* What to do: Set down the entries again word for word, without any of the images.

○ ○ ○

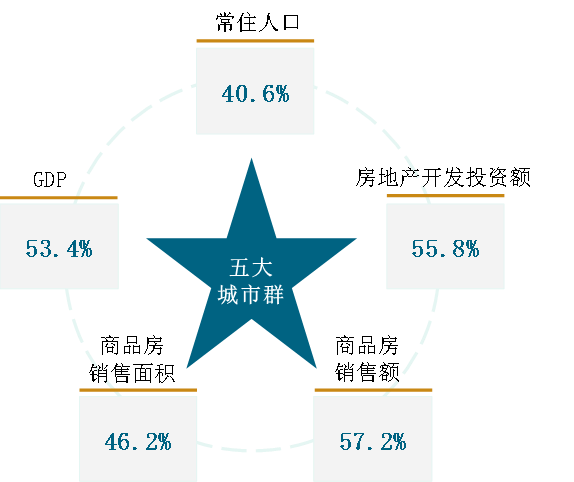 五大城市gdp_中国城市gdp排名2020(3)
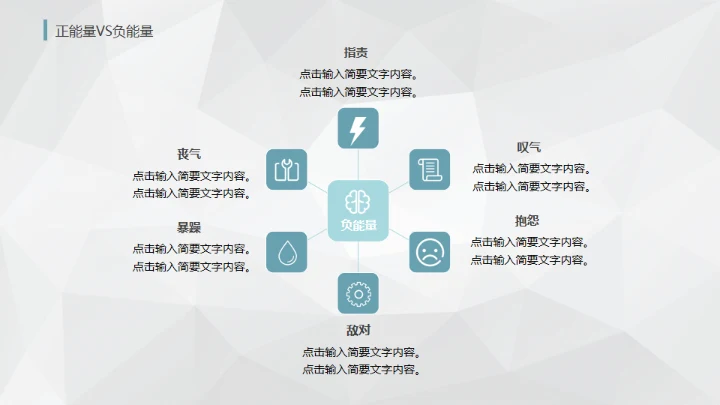 唤醒正能量-员工培训通用PPT模板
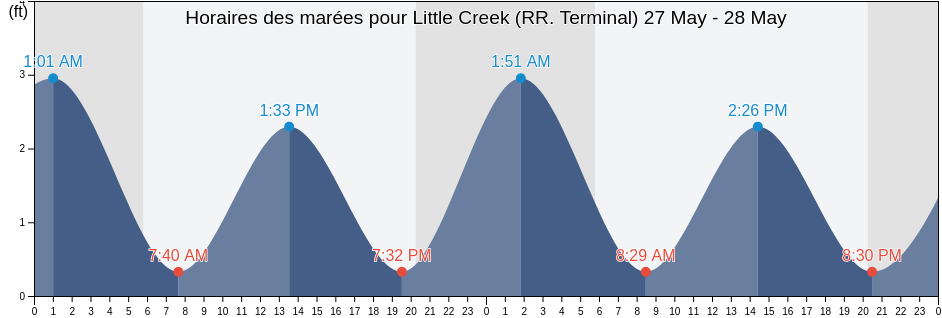 Horaires des marées pour Little Creek (RR. Terminal), City of Norfolk, Virginia, United States
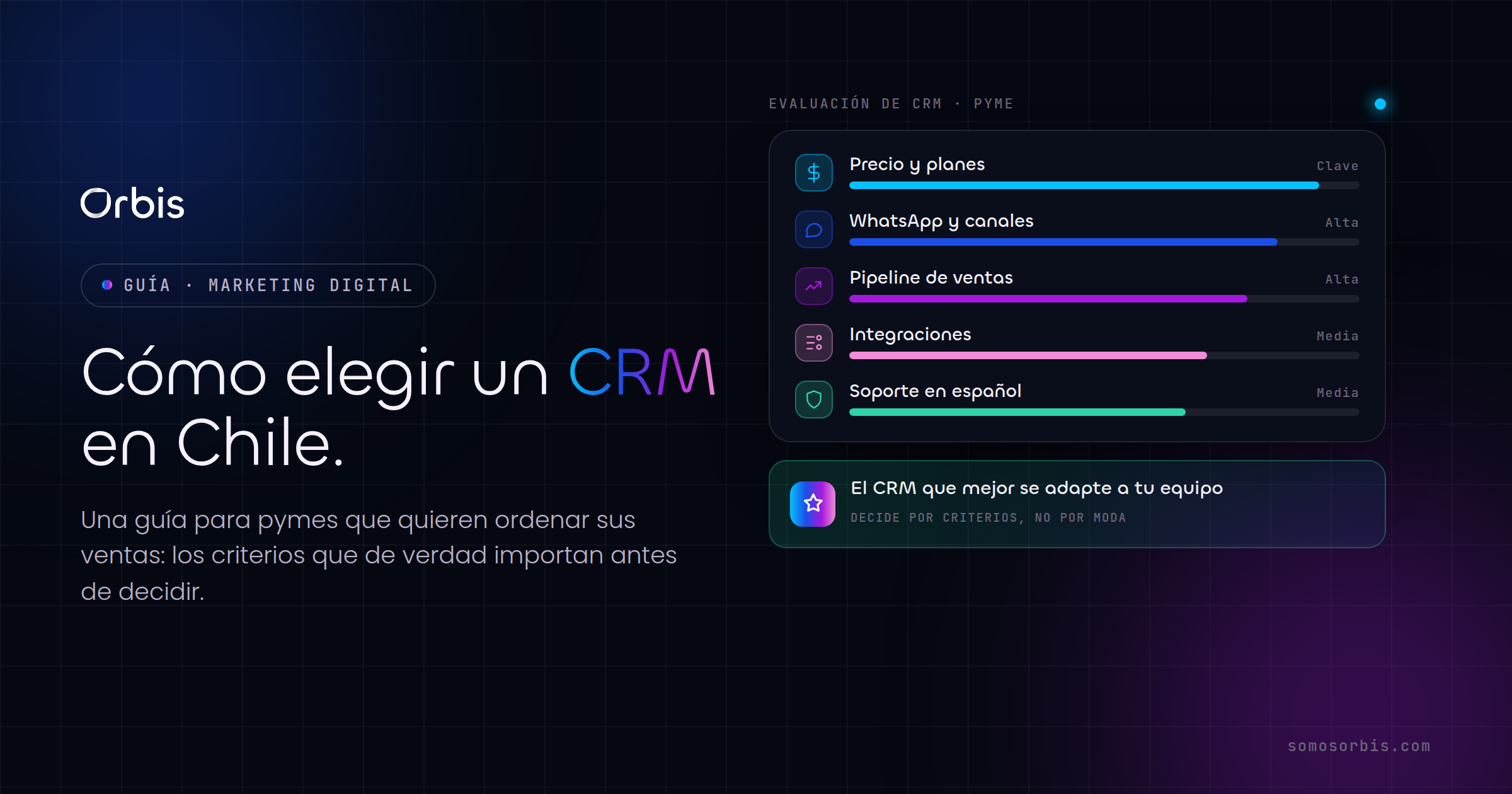 Cómo elegir un CRM en Chile: guía para pymes que quieren ordenar sus ventas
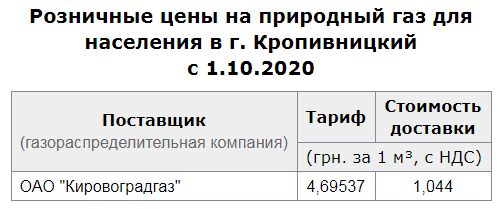Название: Снимок1.PNG
Просмотров: 247

Размер: 10.7 Кб
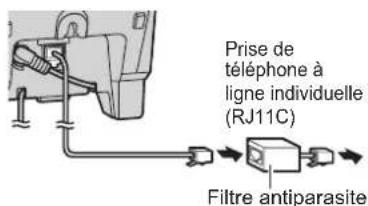 PANASONIC KXTG6051 - Pour les abonnés à un service DSL (hauts débits) - 1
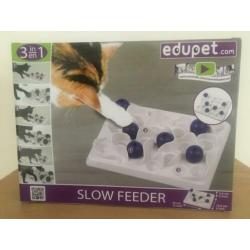 Slow. Feeder. Cat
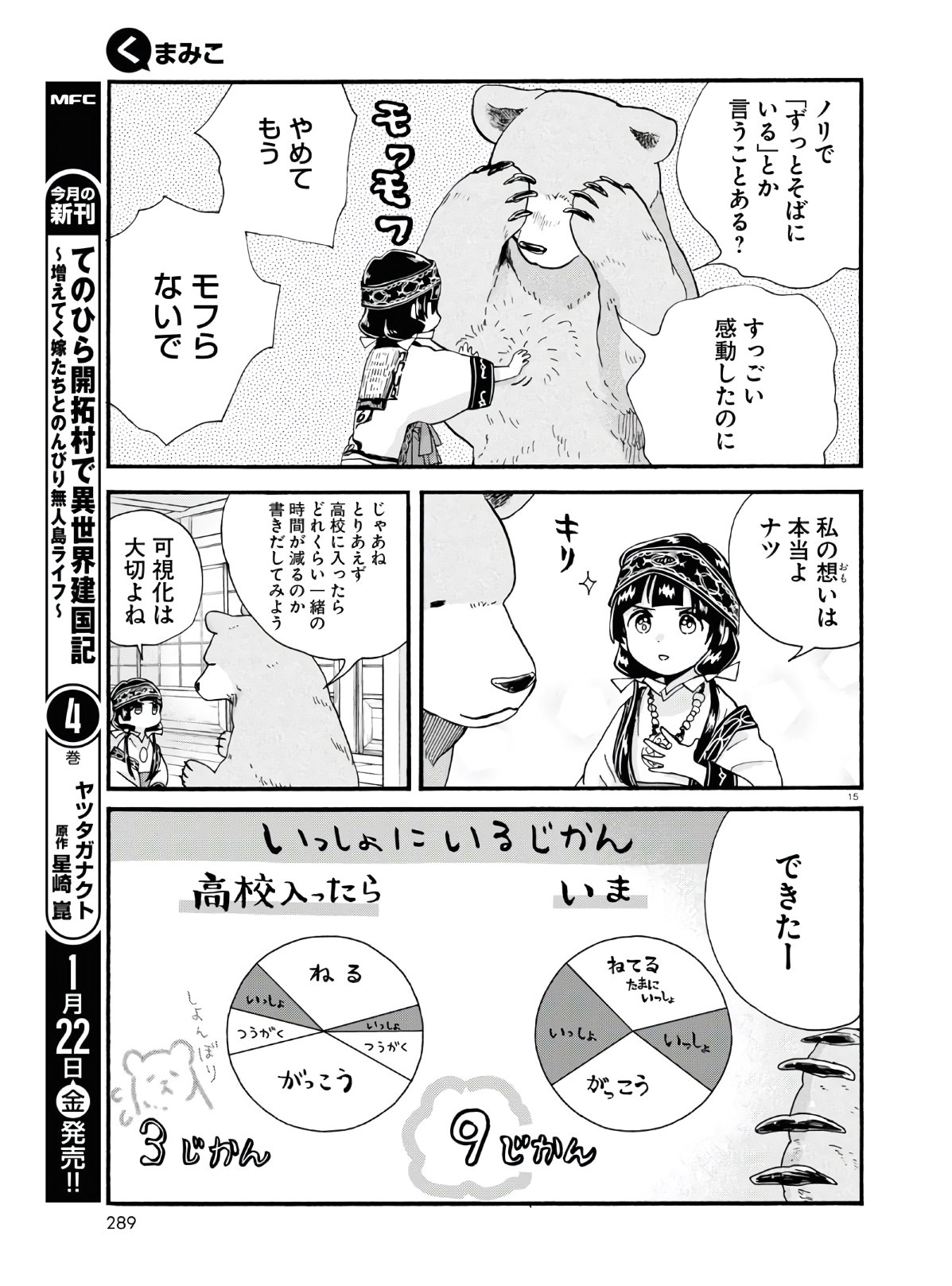 Kumamiko - Girl Meets Bear Chapter 92 15ページ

○ ○ ○

* Answer space:
 五大城市gdp_中国城市gdp排名2020(3)
 唤醒正能量-员工培训通用PPT模板
 Horaires des marées pour Little Creek (RR. Terminal), City of Norfolk, Virginia, United States
 Cómo elegir un CRM en Chile: guía para pymes que quieren ordenar sus ventas
Название: Снимок1.PNG
Просмотров: 247

Размер: 10.7 Кб
 PANASONIC KXTG6051 - Pour les abonnés à un service DSL (hauts débits) - 1
 Slow. Feeder. Cat
 Kumamiko - Girl Meets Bear Chapter 92 15ページ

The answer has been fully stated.